VIGIL MESH

Documentation

Foire aux questions

Une question sur VIGIL-MESH ? Cette foire aux questions rassemble les réponses les plus fréquentes sur le VPN mesh, la diffusion L2 et le multicast chiffré, la vigie privée, les ports et le NAT, la sécurité post-quantique, les plateformes et les performances. Chaque réponse sépare clairement ce qui est mesuré, démontré ou simplement visé — sans surpromesse.

Général et VPN mesh

Qu'est-ce que VIGIL-MESH ?
VIGIL-MESH est un VPN mesh nouvelle génération : un réseau privé chiffré de bout en bout qui relie vos machines, sites et services comme s'ils étaient sur un même réseau local — découverte d'appareils, multicast et temps réel compris. Chaque appareil qui rejoint le mesh devient un nœud joignable par une adresse stable, sans exposer votre infrastructure au reste d'Internet.
En quoi est-ce un VPN mesh et pas un VPN classique ?
Un VPN classique est en étoile (hub-and-spoke) : tout le trafic remonte vers une passerelle centrale, qui devient goulot d'étranglement et point de défaillance unique. Un VPN mesh établit des liens directs de pair à pair entre les machines : le trafic prend le chemin le plus court, la latence chute et il n'y a plus de concentrateur unique à saturer.
Quelle différence concrète avec un VPN d'entreprise traditionnel ?
Au-delà de la topologie, VIGIL-MESH se comporte comme un vrai LAN : le broadcast et le multicast IP traversent le mesh chiffré, si bien que la découverte d'appareils fonctionne d'un site à l'autre.
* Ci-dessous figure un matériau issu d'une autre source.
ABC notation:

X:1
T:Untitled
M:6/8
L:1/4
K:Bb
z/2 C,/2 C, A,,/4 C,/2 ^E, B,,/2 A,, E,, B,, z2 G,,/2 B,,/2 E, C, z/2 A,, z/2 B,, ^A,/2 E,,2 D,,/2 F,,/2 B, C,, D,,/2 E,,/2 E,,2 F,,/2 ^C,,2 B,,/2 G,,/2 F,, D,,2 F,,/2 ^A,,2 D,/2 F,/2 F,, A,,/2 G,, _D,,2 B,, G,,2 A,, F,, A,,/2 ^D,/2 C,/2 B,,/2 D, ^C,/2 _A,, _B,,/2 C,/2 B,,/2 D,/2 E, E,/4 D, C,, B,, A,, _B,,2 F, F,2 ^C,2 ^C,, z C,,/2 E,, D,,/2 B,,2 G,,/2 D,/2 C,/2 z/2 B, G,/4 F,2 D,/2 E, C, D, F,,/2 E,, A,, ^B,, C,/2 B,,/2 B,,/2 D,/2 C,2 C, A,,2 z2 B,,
Un VPN d'entreprise classique achemine surtout du point-à-point de niveau applicatif et laisse tomber ce trafic de diffusion.
Est-ce un produit pour les entreprises ou pour les particuliers ?
VIGIL-MESH s'adresse d'abord aux organisations qui doivent relier des sites, des machines et des services — industrie, robotique, chantiers, flottes d'appareils. Mais le client se télécharge librement et un particulier peut parfaitement relier ses propres machines. Le service se souscrit par espace de travail (workspace).
Ai-je besoin d'ouvrir des ports pour l'utiliser ?
Pour un nœud ordinaire, non : aucun port entrant n'est à ouvrir, le client sort toujours en connexion sortante. Seule une vigie (le relais) a besoin de ports entrants publics, car son rôle est justement d'être joignable pour relayer et coordonner la traversée du NAT.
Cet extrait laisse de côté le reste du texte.